Task:
Only the lines from the one that contains "Kinderen Skelet Halloween" through the end of the entries, both included, should be transcribed, exactly and without pictures.
-- Extracted information follows --
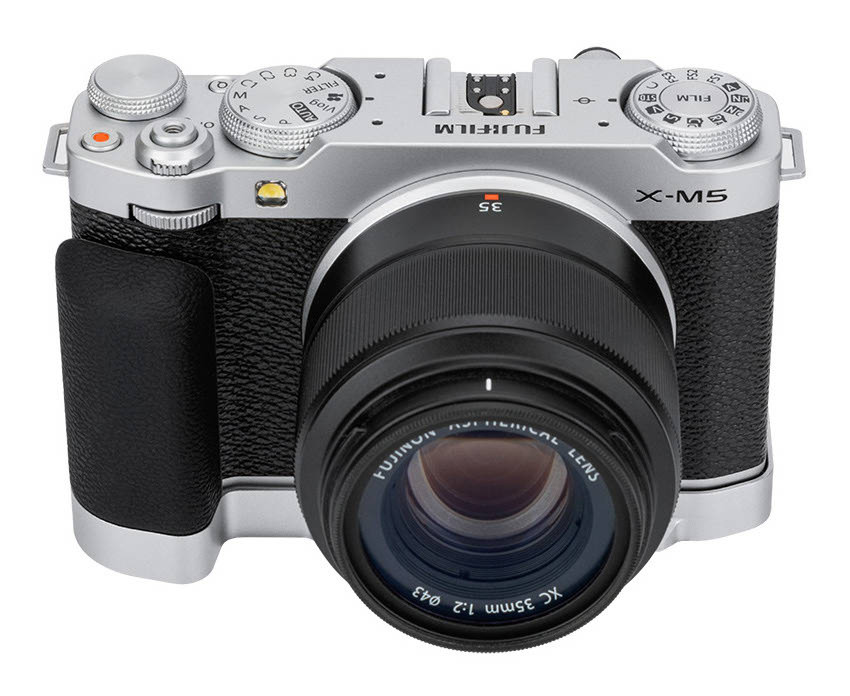 L-образная рукоятка для Fujifilm X-M5 (серебристая)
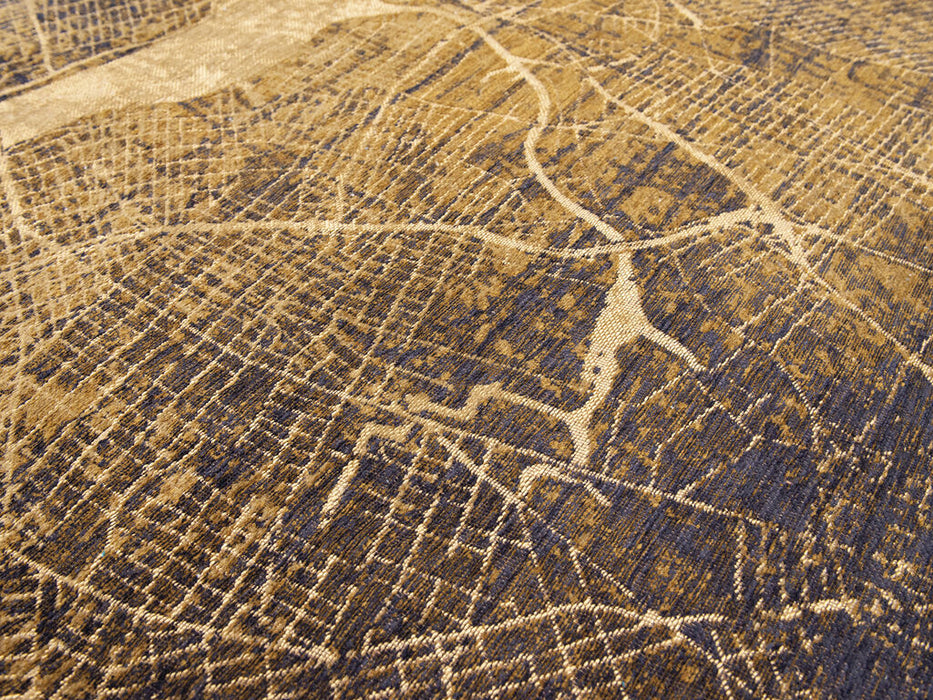 Vloerkleed Cities | Rechthoekig | Patroon | 100 x 140cm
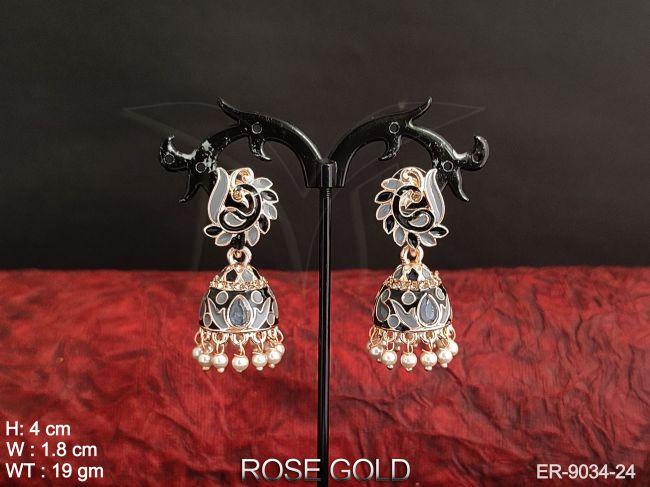 Beautiful Party wear Designer Meenakari Design Jhumka Earring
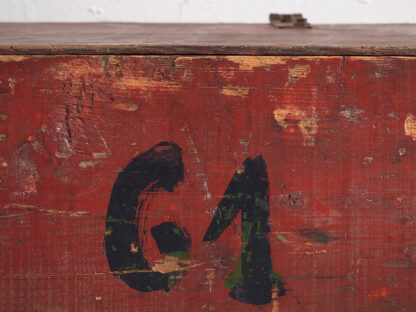 Cofre rectangular vintage (c.1940) #1 - Imagen 10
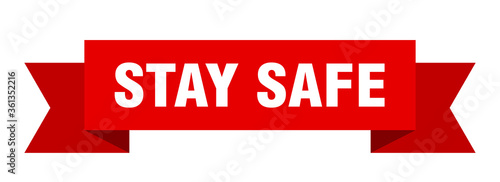 stay safe ribbon. stay safe isolated band sign. stay safe banner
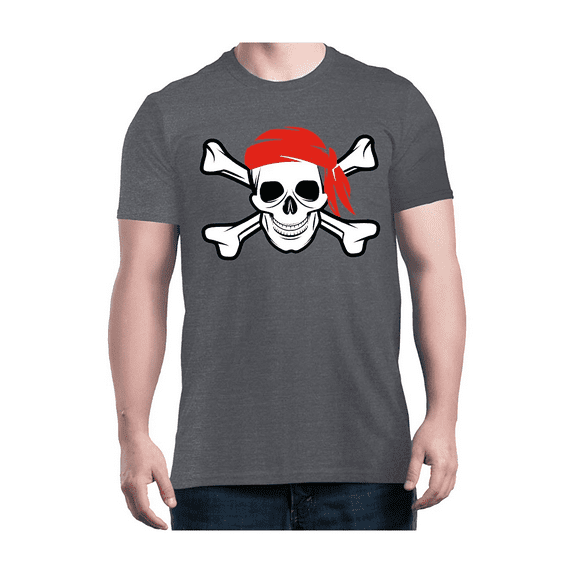 MmF - Men's T-Shirt Short Sleeve, up to Men Size 5XL - Jolly Roger Skull & Crossbones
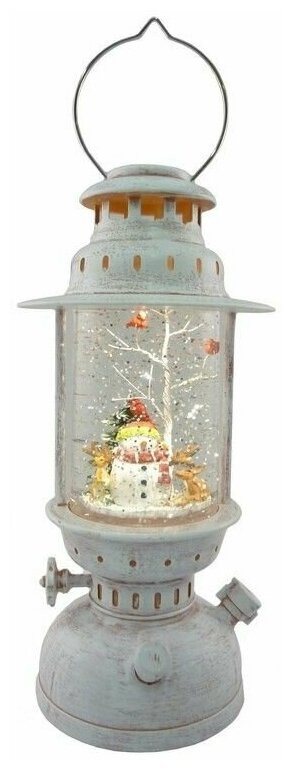 Винтажная снежная лампа Снеговичок и компания, Peha Magic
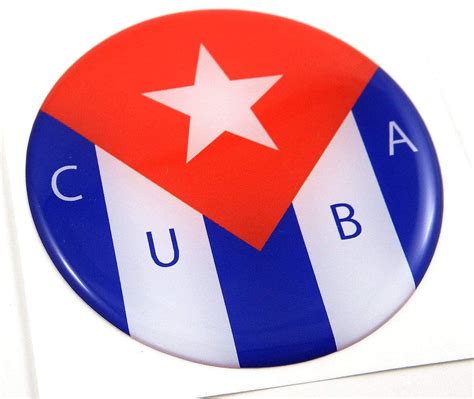 Cuba Cuban Flag Round Domed Decal Emblem Car Bike Sticker 2.44" – Car ...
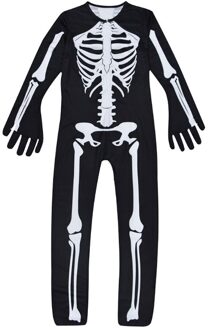 Kinderen Skelet Halloween Kostuum-Infant Kids Baby Skelet Jumpsuit Kostuum -7T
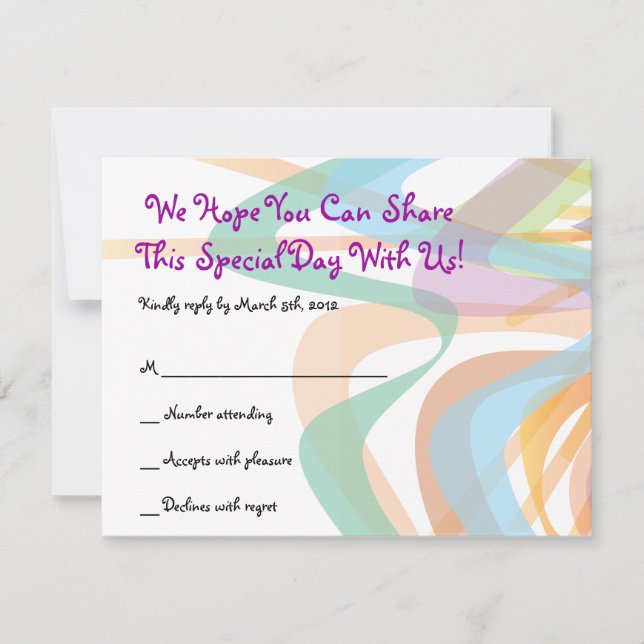 Beauty In Face Bat Mitzvah Antwortkarte RSVP Karte (Vorderseite)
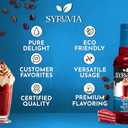 Syruvia Sugar Free Coffee Syrup, Red Velvet Flavored Syrup for Drinks, Lattes, and Desserts 25.4 Fl Oz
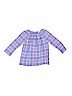 Crewcuts Outlet 100% Cotton Blue Long Sleeve Blouse Size 4 - 5 - photo 1
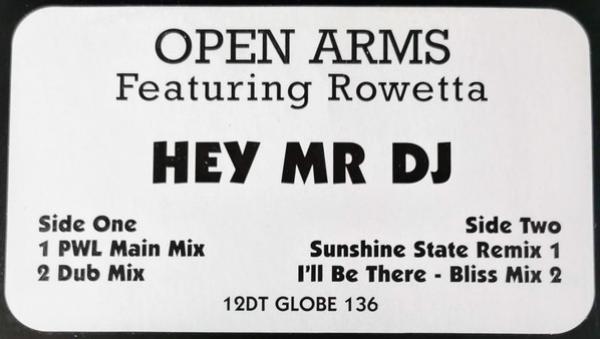 Open Arms - Hey Mr DJ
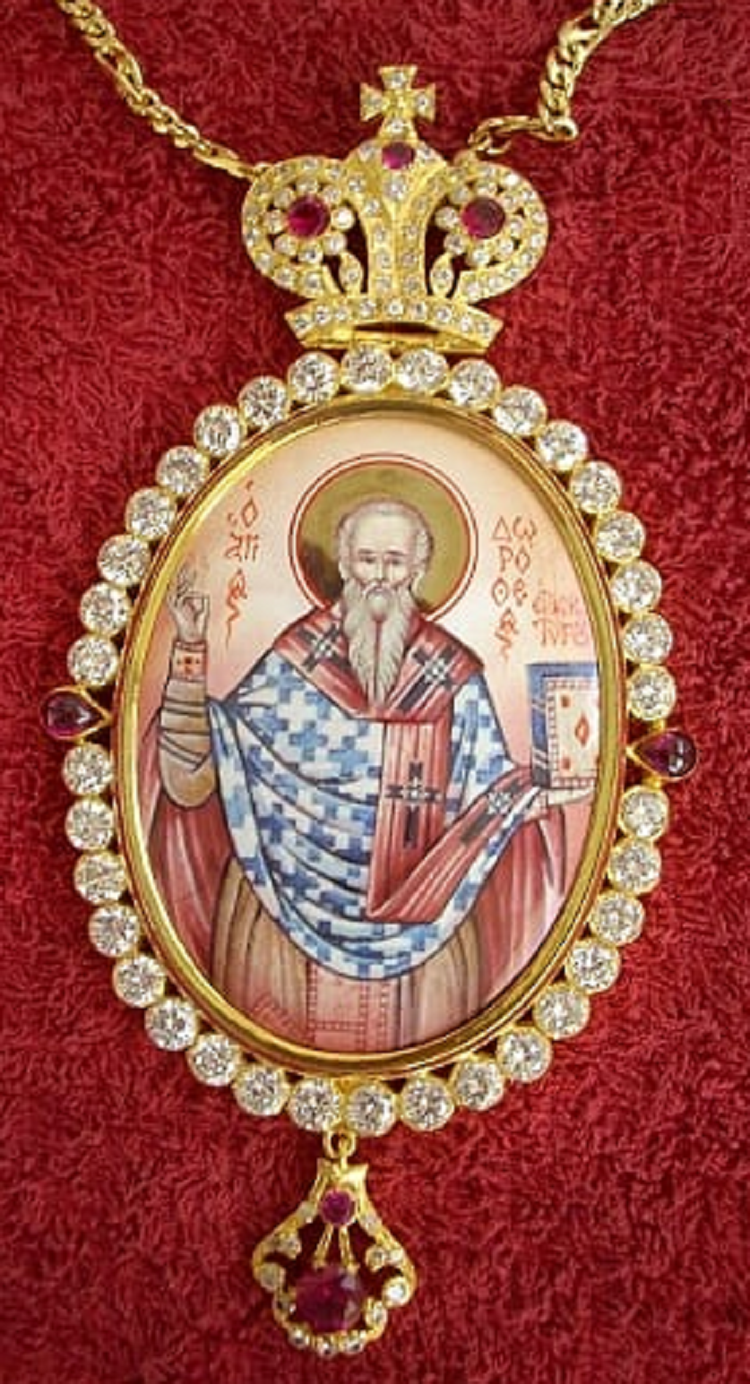 СРЕБЪРНО ЕНГОЛПИЕ;Енголпие, Гръцко-православен, Църковни изделия Αγριτέλης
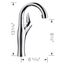 Artona Pull-Down Dual-Spray Bar Faucet - Chrome, 526381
-- Extracted information concluded --
Answer to the problem:
 Kinderen Skelet Halloween Kostuum-Infant Kids Baby Skelet Jumpsuit Kostuum -7T
 Beauty In Face Bat Mitzvah Antwortkarte RSVP Karte (Vorderseite)
 Syruvia Sugar Free Coffee Syrup, Red Velvet Flavored Syrup for Drinks, Lattes, and Desserts 25.4 Fl Oz
 Crewcuts Outlet 100% Cotton Blue Long Sleeve Blouse Size 4 - 5 - photo 1
 Open Arms - Hey Mr DJ
 СРЕБЪРНО ЕНГОЛПИЕ;Енголпие, Гръцко-православен, Църковни изделия Αγριτέλης
 Artona Pull-Down Dual-Spray Bar Faucet - Chrome, 526381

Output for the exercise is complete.